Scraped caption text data
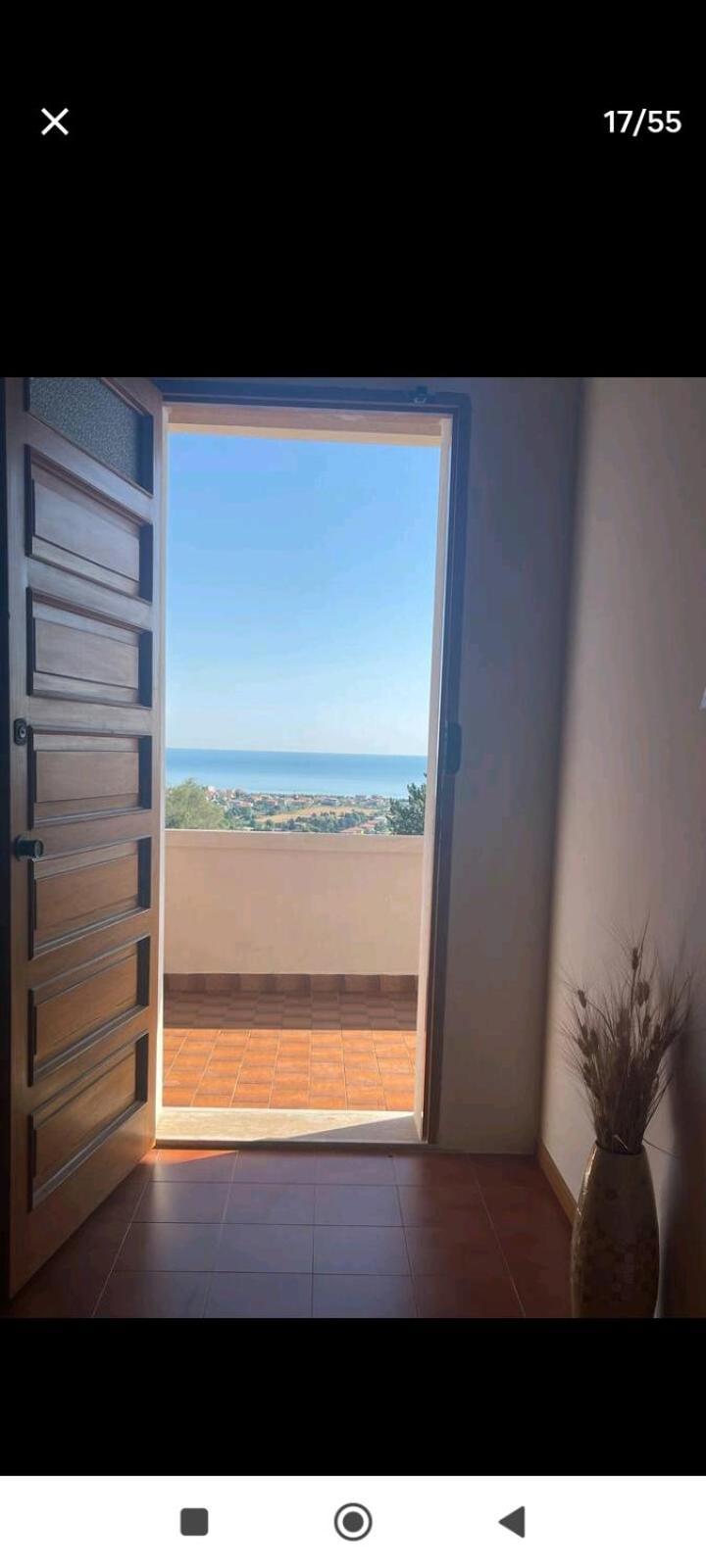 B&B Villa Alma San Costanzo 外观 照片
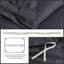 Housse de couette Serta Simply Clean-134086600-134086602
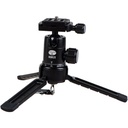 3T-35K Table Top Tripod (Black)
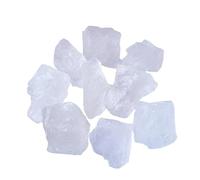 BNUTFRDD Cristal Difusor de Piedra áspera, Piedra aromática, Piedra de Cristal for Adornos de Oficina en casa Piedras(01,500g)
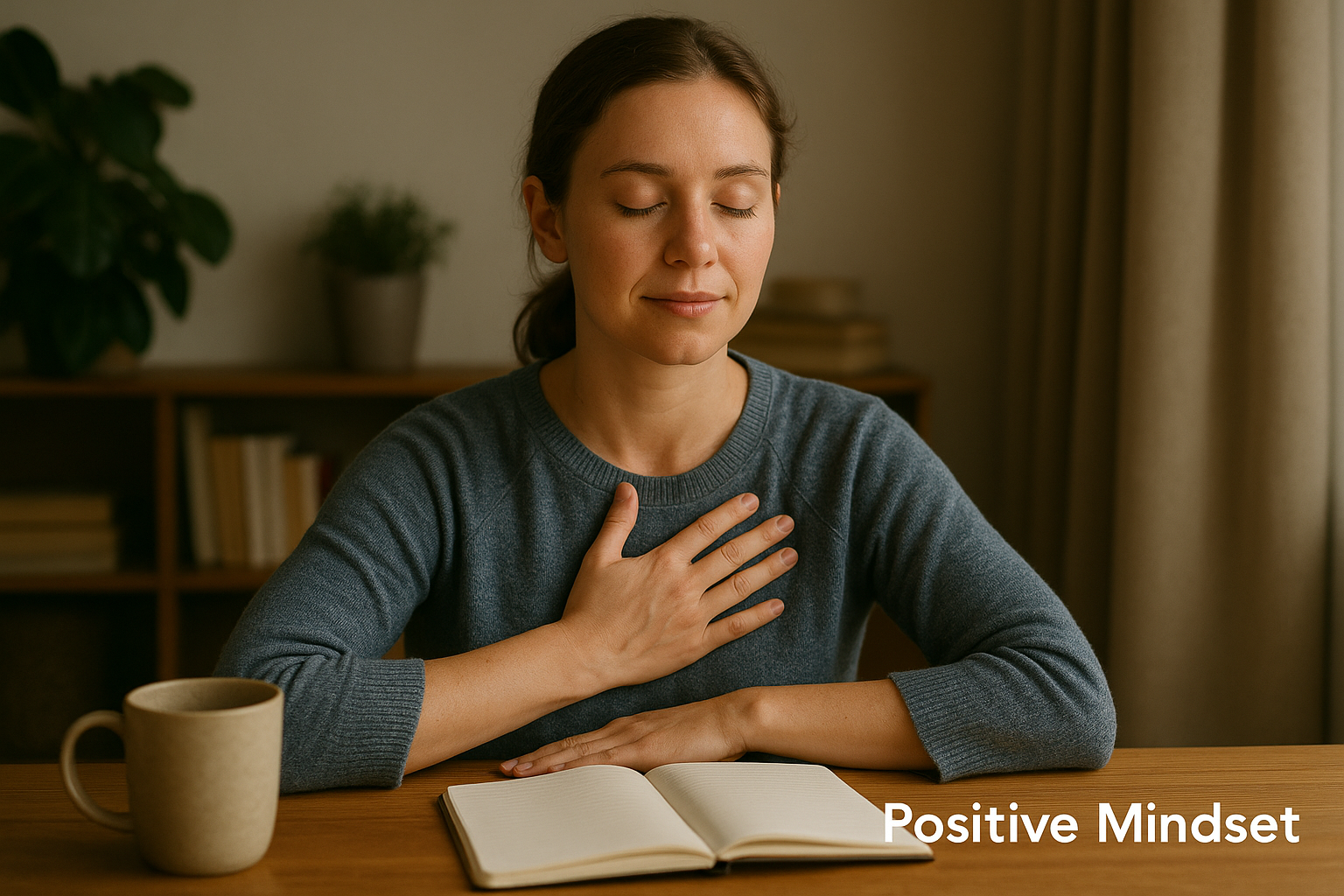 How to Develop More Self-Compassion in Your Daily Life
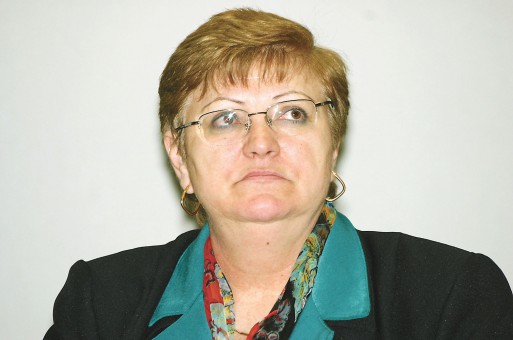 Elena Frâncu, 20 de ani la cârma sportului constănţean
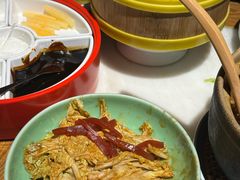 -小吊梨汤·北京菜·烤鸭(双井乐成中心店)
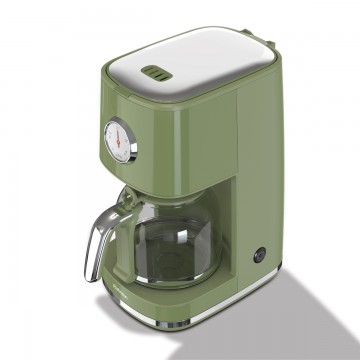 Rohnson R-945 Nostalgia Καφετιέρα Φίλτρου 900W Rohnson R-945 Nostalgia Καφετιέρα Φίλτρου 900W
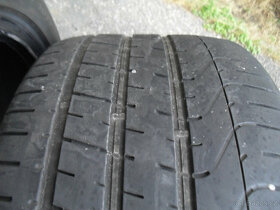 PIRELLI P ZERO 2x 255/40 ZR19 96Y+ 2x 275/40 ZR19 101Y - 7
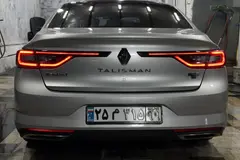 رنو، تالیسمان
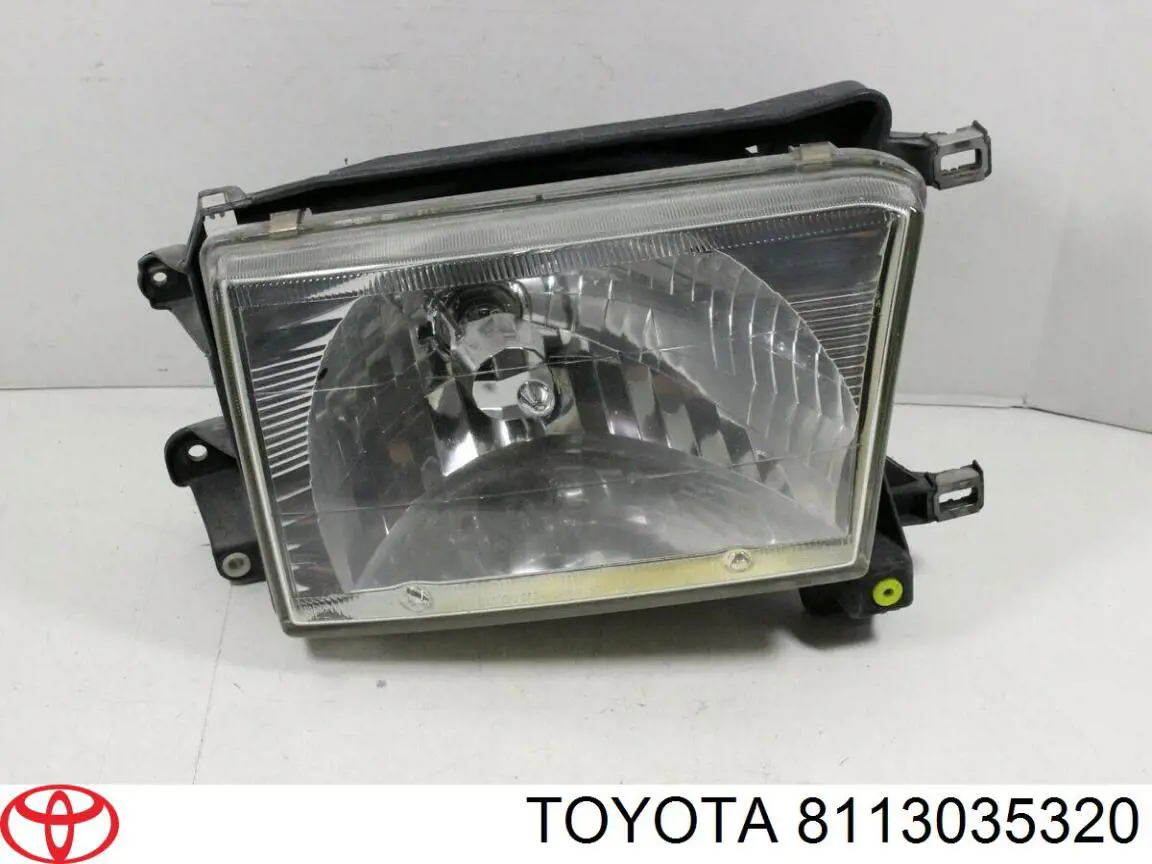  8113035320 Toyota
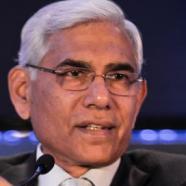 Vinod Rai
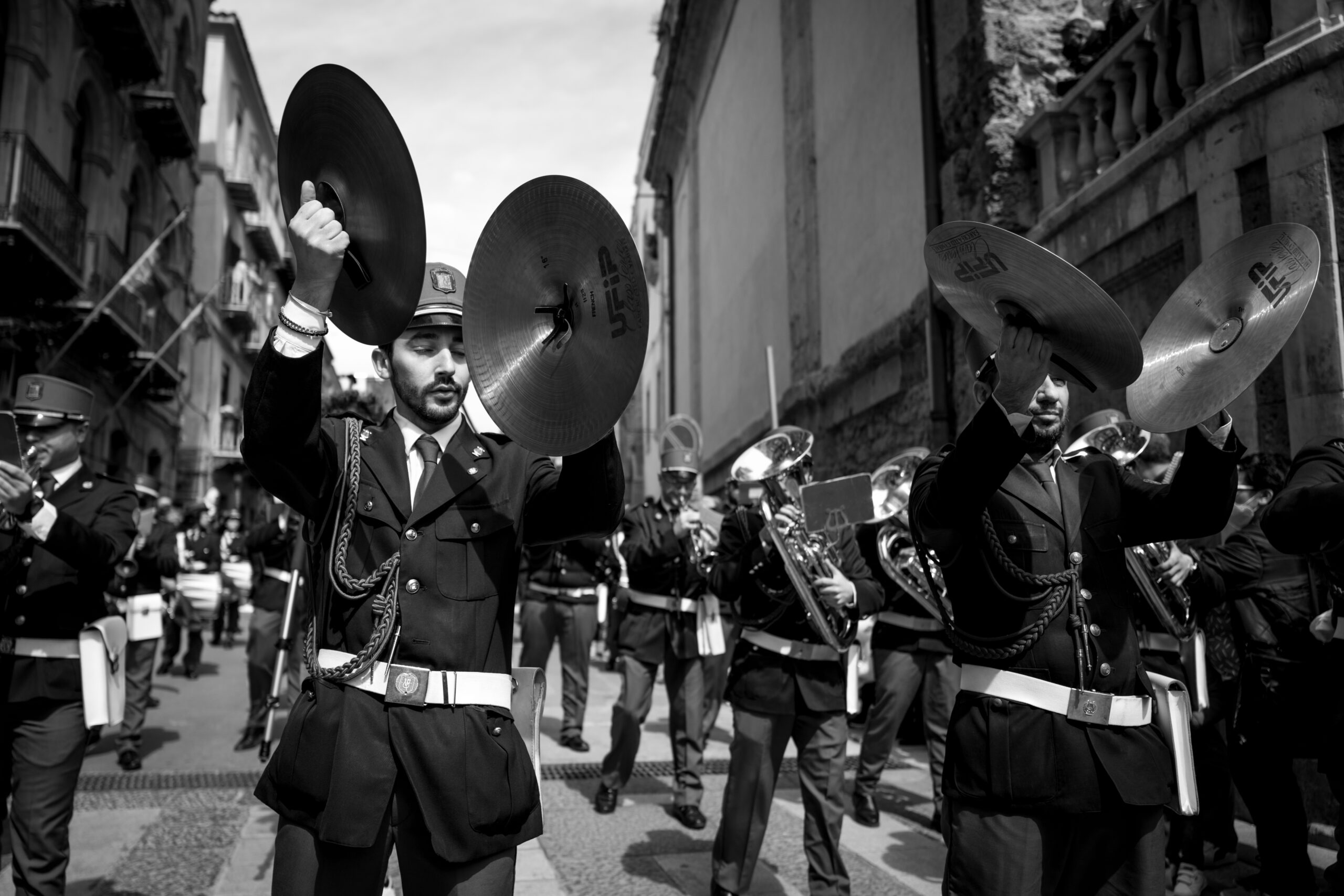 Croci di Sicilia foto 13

> **THE PROBLEM**
Each entry above must be printed exactly, apart from its pictures.

> **EXPECTED OUTPUT**
 B&B Villa Alma San Costanzo 外观 照片
 Housse de couette Serta Simply Clean-134086600-134086602
 3T-35K Table Top Tripod (Black)
 BNUTFRDD Cristal Difusor de Piedra áspera, Piedra aromática, Piedra de Cristal for Adornos de Oficina en casa Piedras(01,500g)
 How to Develop More Self-Compassion in Your Daily Life
 Elena Frâncu, 20 de ani la cârma sportului constănţean
 -小吊梨汤·北京菜·烤鸭(双井乐成中心店)
 Rohnson R-945 Nostalgia Καφετιέρα Φίλτρου 900W Rohnson R-945 Nostalgia Καφετιέρα Φίλτρου 900W
 PIRELLI P ZERO 2x 255/40 ZR19 96Y+ 2x 275/40 ZR19 101Y - 7
 رنو، تالیسمان
  8113035320 Toyota
 Vinod Rai
 Croci di Sicilia foto 13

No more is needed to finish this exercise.